Rappelons-nous qu’à l’occasion des sinistres de L’Isle-Verte et de Lac-Mégantic, Geneviève Guilbault était la porte-parole du Coroner. Déjà, elle se démarquait par son aplomb à travers les porte-parole des organisations privées et publiques.

LOUIS :
Aussi, cette situation déplorable permet à des maires de démontrer leur aplomb.

Je pense en particulier au maire de Gatineau, Maxime Pedneault-Jobin. Il était déjà un excellent communicateur, et les leçons des inondations de 2017 ont permis à sa ville de raffiner son plan de gestion des opérations et l’incontournable volet de la communication.

De plus, son sens de la répartie est à souligner : il ne se gêne pas pour dire aux élus que leur contribution financière ne suffira pas !

Il y a une nouvelle génération de maires aux commandes des villes et municipalités québécoises, c’est rafraichissant.

PIERRE :
À l’opposé, il y a Justin Trudeau…

« JUSTIN TRUDEAU N’AVAIT AUCUNE RAISON D’AMENER SA FAMILLE OÙ IL Y AVAIT URGENCE D’AIDER, DE RASSURER ET D’ÉCOUTER. CE N’ÉTAIT PAS UN ENDROIT POUR PRENDRE DES PHOTOS ».
– Pierre Gince, ARP

En Inde, il était déguisé. Et, le week-end dernier auprès des sinistrés – tiré à quatre épingles pour remplir des sacs de sable en compagnie de son épouse et de ses enfants – sa présence semblait superficielle.

Et, le plus important, c’est que contrairement au Premier ministre François Legault, Justin Trudeau n’avait rien à annoncer pour rassurer les gens.

Parmi toutes les retombées portant sur les inondations, Mesure Média a analysé celle-ci :

  • Journal de Montréal, 30 avril 2019, caricature du jour. Deux volets sans équivoque : l’un illustre le gouvernement Legault aux commandes (écart positif de 171 %), l’autre que le Premier ministre Trudeau est là pour les photos… (écart négatif de – 301 %).
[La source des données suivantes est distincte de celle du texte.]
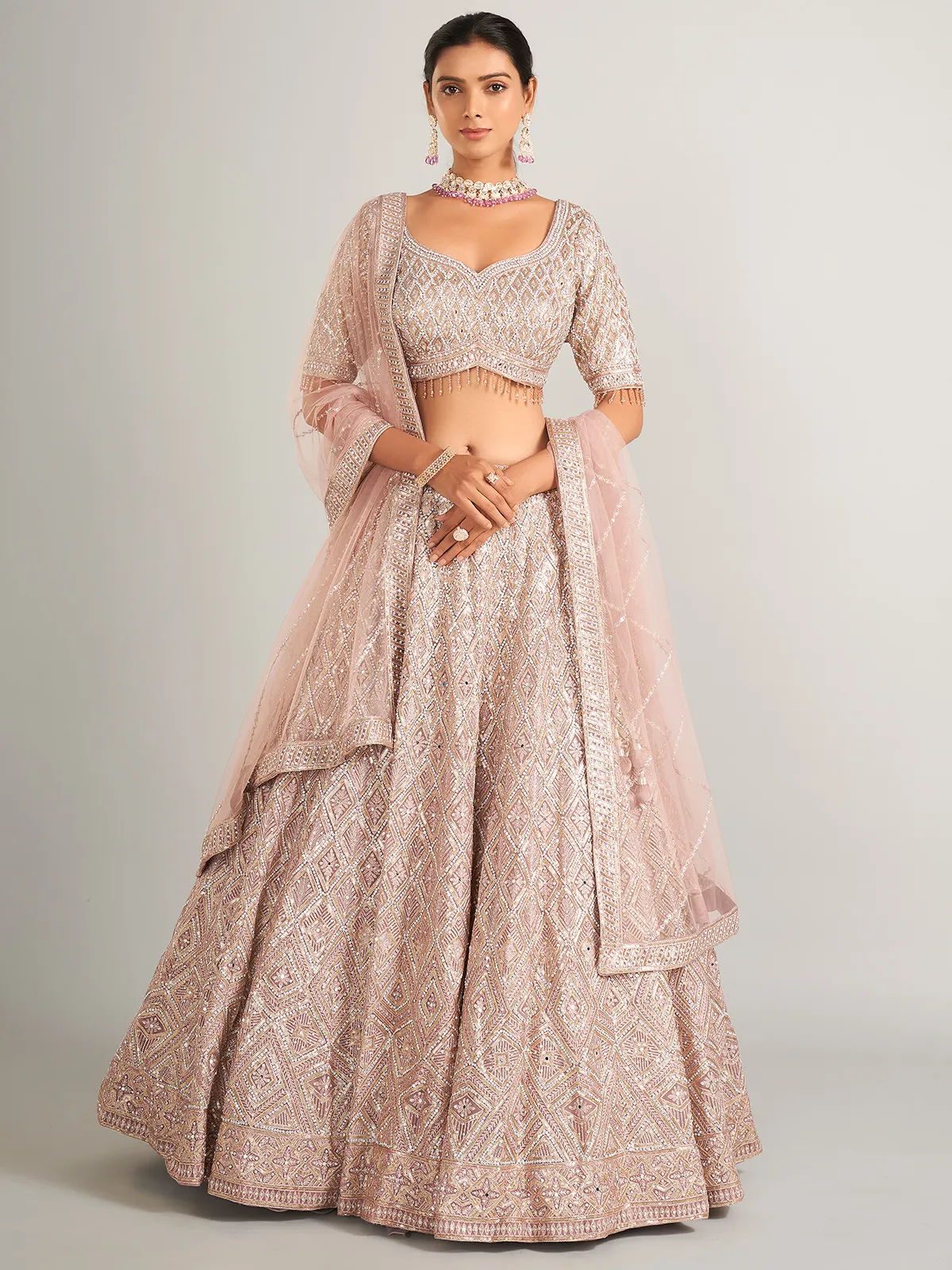 Beautiful onion hue lehenag choli in net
Les élus et les porte-parole ont bien compris que l’époque de la stratégie du silence était révolue. Mais, encore faut-il – et nous le constatons à la lumière des récentes inondations – que la présence sur le terrain se traduise par une communication interpersonnelle basée sur la compassion et qu’elle soit adaptée à chaque situation.

Certes, il en va de la réputation des gouvernements et des organisations, mais – surtout, surtout – des personnes qui ne demandent qu’à obtenir réponses et appuis.
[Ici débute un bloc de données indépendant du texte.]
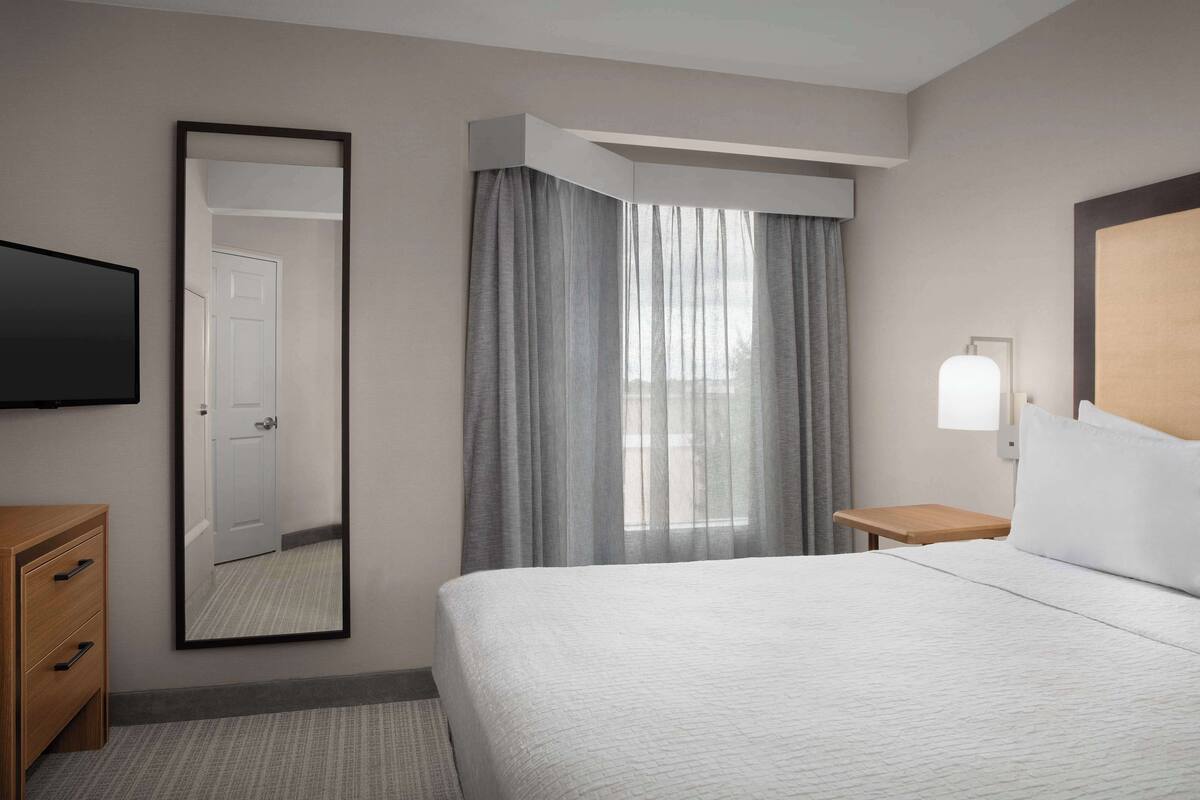 Habitación de hotel con cama, televisión, espejo, mesita de noche y ventana con cortinas.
Chaque vendredi, Mesure Média présente le gain de réputation (ou le déficit) enregistré par une marque, une organisation ou une personnalité au cours de la semaine.
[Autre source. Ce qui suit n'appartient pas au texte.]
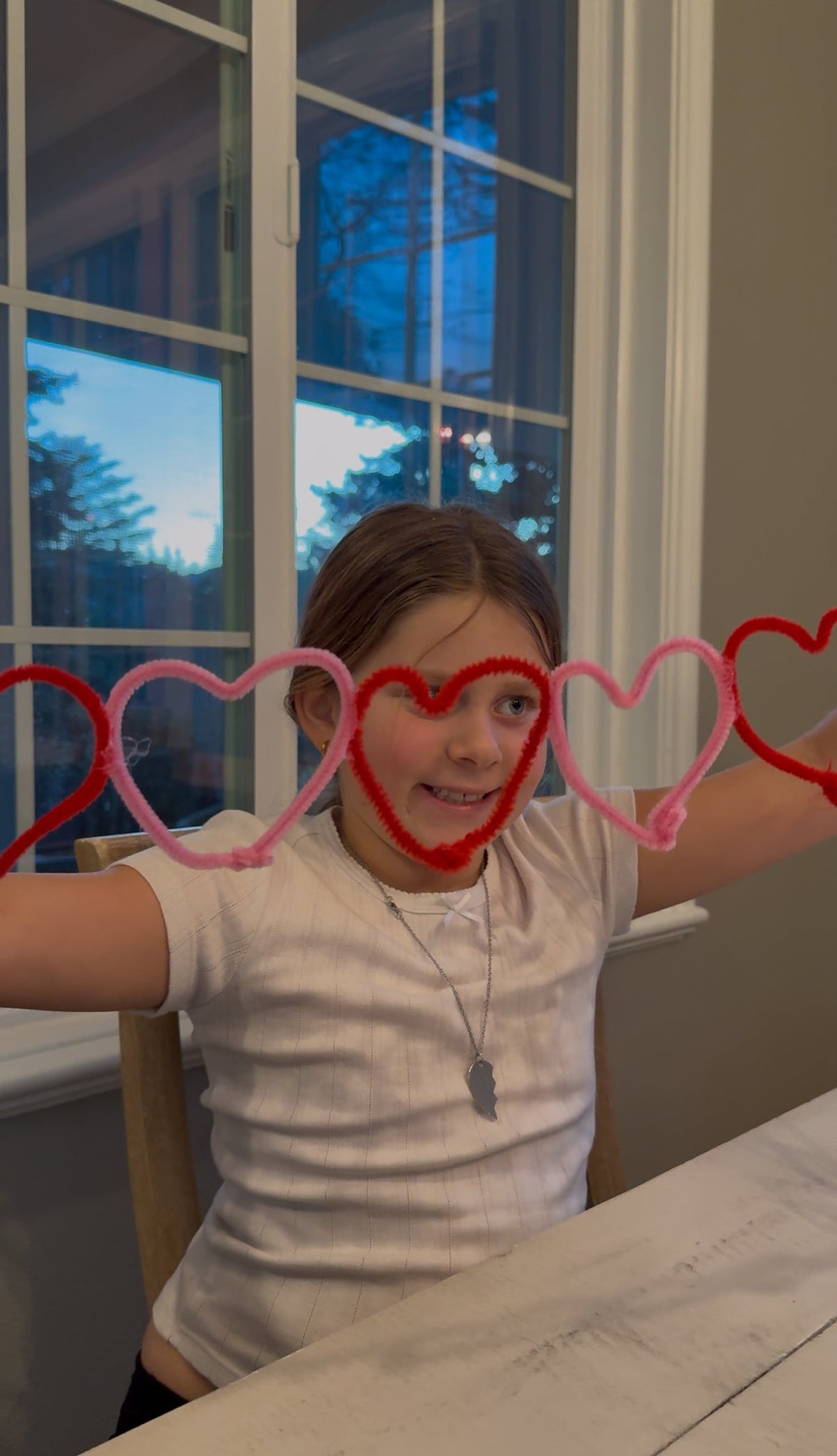 stay at home activity mom Valentine's Day craft for kids pipe cleaner heart garland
Note: Après avoir tenu compte du coût publicitaire avant négociation d’une retombée de presse, nous évaluons différentes variables d’analyse afin d’établir le gain ou le déficit de réputation de la retombée. Le gain ou le déficit de réputation (en dollars) d’une retombée est calculé à partir de plusieurs critères quantitatifs et qualitatifs pondérés, dont le traitement journalistique accordé au message ainsi que les aspects graphiques et visuels.